Loin de nous enfermer dans une conception patrimoniale de notre Musée, nous en avons fait un lieu toujours plus ouvert aux tendances actuelles de la création artistique.
La culture dans notre Musée est faite d’échanges entre le patrimoine et les créateurs de toutes origines, qui nous parlent du monde d’aujourd’hui, à l’image de notre ville qui ne cesse d’innover sans jamais oublier d’où elle vient.
Voilà une bonne façon de franchir le cap des vingt ans et de tracer l’avenir de notre Musée avec : des acquisitions prestigieuses, un accrochage en mouvement, une programmation sans ornière, et grâce à Guy TOSATTO, ouverte aux correspondances et aux résonances avec les créateurs de notre époque, une pédagogie adaptée à notre temps, une politique volontariste d’éducation artistique et culturelle en direction des 53 000 enfants accueillis chaque année, un musée accueillant à tous les publics, des expositions « hors les murs » permettant de réunir acteurs et habitants du quartier et d’aller au-devant d’un public souvent non averti pour le sensibiliser à l’art comme l’année dernière à la bibliothèque Teisseire-Malherbe ou dans quelques semaines à la MJC des Eaux-Claires.
Aujourd’hui plus que jamais, la fonction de notre Musée est aussi est surtout de stimuler notre sensibilité en nous faisant découvrir les courants contemporains de la création artistique. De nous enseigner à regarder ce que nous n’avons encore jamais vu. De nous apprendre à décrypter ce qui nous est encore inconnu. Rien de plus indispensable pour notre société dans ce contexte de crise économique, sociale mais aussi morale. Il est plus que jamais nécessaire – je dirais même vital – de redonner tout son sens à la culture.
D’abord parce qu’elle nous rassemble. Fédératrice et créatrice de conscience collective, elle est notre bien commun. Et nous devons mobiliser toutes nos énergies pour qu’elle soit un bien commun le mieux partagé possible.
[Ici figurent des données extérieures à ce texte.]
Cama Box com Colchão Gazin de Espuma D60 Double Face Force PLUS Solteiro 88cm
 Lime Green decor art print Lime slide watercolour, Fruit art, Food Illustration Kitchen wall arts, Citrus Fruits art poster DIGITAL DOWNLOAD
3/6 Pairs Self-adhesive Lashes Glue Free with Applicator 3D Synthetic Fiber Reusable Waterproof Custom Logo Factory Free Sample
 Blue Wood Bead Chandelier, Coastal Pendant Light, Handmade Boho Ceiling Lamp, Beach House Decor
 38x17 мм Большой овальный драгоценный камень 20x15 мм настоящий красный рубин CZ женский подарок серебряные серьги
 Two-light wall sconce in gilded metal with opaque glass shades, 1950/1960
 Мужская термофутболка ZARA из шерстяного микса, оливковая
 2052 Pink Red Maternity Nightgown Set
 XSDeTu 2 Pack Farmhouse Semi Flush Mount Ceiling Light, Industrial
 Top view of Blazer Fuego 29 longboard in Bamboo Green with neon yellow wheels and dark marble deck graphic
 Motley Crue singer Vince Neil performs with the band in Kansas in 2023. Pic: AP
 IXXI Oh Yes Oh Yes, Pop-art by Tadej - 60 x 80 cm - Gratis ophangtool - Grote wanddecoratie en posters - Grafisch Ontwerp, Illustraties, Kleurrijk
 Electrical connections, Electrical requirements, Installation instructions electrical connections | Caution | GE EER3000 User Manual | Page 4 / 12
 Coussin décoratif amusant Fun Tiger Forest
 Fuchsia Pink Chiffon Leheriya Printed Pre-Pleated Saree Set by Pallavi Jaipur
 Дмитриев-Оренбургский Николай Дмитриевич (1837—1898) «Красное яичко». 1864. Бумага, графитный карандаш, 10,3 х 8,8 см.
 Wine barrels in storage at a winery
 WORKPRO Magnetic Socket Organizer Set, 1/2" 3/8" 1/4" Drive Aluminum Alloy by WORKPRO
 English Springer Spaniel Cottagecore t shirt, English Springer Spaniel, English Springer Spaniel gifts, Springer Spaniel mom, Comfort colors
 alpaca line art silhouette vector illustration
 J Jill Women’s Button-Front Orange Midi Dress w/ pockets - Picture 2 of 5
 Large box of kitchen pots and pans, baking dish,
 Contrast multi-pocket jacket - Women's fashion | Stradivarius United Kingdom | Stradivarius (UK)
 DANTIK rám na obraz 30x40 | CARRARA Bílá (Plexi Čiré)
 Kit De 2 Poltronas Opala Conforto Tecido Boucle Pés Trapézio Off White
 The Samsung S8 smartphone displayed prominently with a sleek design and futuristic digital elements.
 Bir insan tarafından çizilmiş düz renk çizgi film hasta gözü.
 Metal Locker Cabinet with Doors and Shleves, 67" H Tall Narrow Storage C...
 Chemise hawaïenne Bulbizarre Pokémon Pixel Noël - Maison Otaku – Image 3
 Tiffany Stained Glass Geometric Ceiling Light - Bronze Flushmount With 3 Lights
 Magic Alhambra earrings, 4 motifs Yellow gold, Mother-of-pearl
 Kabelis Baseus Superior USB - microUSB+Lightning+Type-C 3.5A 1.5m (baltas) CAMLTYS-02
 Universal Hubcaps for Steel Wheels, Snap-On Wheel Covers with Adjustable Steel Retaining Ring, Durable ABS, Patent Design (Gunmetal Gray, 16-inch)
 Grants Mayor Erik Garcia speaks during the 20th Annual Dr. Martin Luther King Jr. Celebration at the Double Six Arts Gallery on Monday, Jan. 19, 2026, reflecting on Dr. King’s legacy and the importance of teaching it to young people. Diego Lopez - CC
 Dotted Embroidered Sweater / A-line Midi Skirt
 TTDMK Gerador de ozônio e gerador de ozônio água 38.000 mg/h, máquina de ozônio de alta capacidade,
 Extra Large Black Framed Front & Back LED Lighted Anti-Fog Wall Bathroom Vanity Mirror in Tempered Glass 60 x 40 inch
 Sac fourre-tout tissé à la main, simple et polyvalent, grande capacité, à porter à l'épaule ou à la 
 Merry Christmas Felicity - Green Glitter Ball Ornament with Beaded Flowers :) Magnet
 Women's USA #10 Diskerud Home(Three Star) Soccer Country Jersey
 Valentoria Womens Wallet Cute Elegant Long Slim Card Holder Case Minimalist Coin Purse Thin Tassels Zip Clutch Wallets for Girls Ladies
Ensuite parce qu’elle permet de contrer les tentations de repli sur soi. En nous offrant un espace de partage, la culture est ferment de citoyenneté.
La lutte contre l’exclusion et pour la réduction des inégalités, le combat contre tous les populismes et les fondamentalismes passent indiscutablement par la culture, les arts visuels partageant avec la musique cette spécificité d’être un langage universel, intelligible de tous malgré nos différences.
Bien plus qu’un simple supplément d’âme, la culture est au contraire porteuse d’espoir dans un contexte de crise. Elle est porteuse d’espoir pour l’individu, à qui elle donne les clés qui lui permettent de mieux appréhender le monde qui l’entoure et d’agir sur lui. Elle est surtout – et quelle noble mission ! – porteuse d’espoir pour la jeunesse à qui elle permet de s’émanciper, de s’épanouir, de s’ouvrir aux autres et au monde dans le respect de la différence.
Voilà ce à quoi notre Musée, tel qu’il se présente désormais, s’avère plus que précieux. Il nous sert de guide. Il nous propose des pistes de réflexion qui ne nous sont pas forcément familières. Il affine notre esprit aussi bien que notre regard.
La place du Musée est au cœur de la Cité. Et nous ne pouvons qu’être reconnaissants pour tout ce qu’il nous a apporté et tout ce qu’il continue à nous apporter. J’ai donc formulé le vœu qu’il exerce longtemps encore, et toujours mieux, ses fonctions de stimulateur à l’égard du plus grand nombre.